━━━ RECORDS FOR THIS TASK
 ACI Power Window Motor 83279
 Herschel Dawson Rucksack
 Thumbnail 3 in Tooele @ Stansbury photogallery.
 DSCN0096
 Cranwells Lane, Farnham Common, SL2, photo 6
━━━━━━
━━━ RECORDS FOR THIS TASK
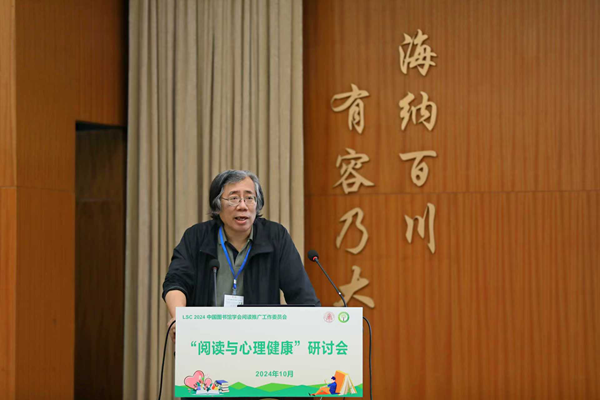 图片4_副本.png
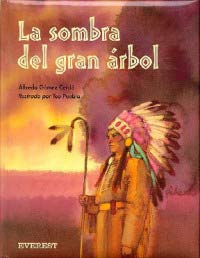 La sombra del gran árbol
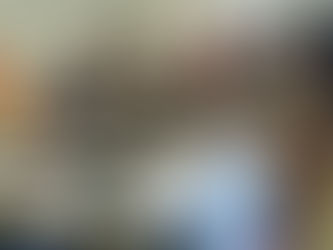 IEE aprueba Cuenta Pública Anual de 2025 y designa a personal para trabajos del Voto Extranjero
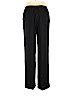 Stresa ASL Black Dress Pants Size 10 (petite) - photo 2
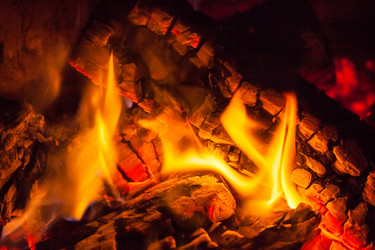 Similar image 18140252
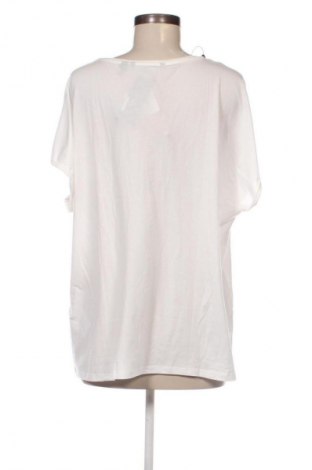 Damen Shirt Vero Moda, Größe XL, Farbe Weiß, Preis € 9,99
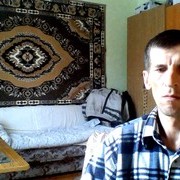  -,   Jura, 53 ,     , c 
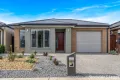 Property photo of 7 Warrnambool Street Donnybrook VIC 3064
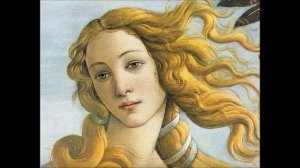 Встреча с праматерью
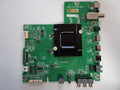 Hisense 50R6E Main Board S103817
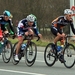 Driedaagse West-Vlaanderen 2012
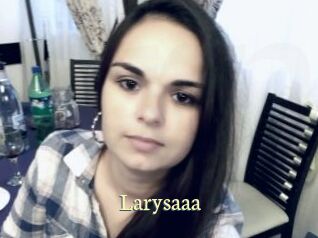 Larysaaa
━━━━━━
WHAT TO WORK ON: Word for word, restate the lines of the listing above starting at the line with "ACI Power Window Motor 83279" and ending at the line with "Cranwells Lane, Farnham Common, SL2, photo 6", and nothing outside them.

RESPONSE TO THIS EXERCISE:
 ACI Power Window Motor 83279
 Herschel Dawson Rucksack
 Thumbnail 3 in Tooele @ Stansbury photogallery.
 DSCN0096
 Cranwells Lane, Farnham Common, SL2, photo 6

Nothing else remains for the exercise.